◆ **What you are asked to do**: All lines from the line containing "Toyota Highlander Xle" up to and including the last line of the listing below should be echoed exactly; no other lines belong in the response.

Top of Input data

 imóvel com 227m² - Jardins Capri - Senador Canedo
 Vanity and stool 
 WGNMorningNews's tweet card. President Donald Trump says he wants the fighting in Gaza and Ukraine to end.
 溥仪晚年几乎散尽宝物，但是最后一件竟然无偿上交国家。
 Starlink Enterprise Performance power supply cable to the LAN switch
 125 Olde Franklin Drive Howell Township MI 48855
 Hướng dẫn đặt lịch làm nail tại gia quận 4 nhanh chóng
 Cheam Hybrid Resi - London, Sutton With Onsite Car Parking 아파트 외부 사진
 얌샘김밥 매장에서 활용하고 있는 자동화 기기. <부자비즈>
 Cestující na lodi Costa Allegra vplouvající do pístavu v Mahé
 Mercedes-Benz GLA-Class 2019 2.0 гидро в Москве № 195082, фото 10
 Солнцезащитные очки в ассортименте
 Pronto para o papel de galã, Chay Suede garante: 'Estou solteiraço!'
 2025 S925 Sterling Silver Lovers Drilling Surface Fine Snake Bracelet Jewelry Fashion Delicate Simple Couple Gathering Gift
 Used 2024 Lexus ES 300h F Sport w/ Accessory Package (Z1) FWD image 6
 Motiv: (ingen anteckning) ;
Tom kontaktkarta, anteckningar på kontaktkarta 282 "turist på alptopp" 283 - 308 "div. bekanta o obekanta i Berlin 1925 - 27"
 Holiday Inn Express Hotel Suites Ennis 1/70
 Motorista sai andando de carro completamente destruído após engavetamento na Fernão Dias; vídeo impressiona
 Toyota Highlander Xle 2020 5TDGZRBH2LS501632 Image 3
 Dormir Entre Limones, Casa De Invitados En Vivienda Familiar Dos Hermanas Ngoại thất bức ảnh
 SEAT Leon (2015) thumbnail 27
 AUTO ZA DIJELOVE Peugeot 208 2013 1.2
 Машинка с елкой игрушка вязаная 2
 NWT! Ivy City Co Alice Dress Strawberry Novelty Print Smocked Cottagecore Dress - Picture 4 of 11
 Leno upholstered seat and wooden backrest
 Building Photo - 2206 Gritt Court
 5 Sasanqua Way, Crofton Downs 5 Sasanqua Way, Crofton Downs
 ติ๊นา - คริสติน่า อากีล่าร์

Bottom of Input data

◆ **Completed task**:
 Toyota Highlander Xle 2020 5TDGZRBH2LS501632 Image 3
 Dormir Entre Limones, Casa De Invitados En Vivienda Familiar Dos Hermanas Ngoại thất bức ảnh
 SEAT Leon (2015) thumbnail 27
 AUTO ZA DIJELOVE Peugeot 208 2013 1.2
 Машинка с елкой игрушка вязаная 2
 NWT! Ivy City Co Alice Dress Strawberry Novelty Print Smocked Cottagecore Dress - Picture 4 of 11
 Leno upholstered seat and wooden backrest
 Building Photo - 2206 Gritt Court
 5 Sasanqua Way, Crofton Downs 5 Sasanqua Way, Crofton Downs
 ติ๊นา - คริสติน่า อากีล่าร์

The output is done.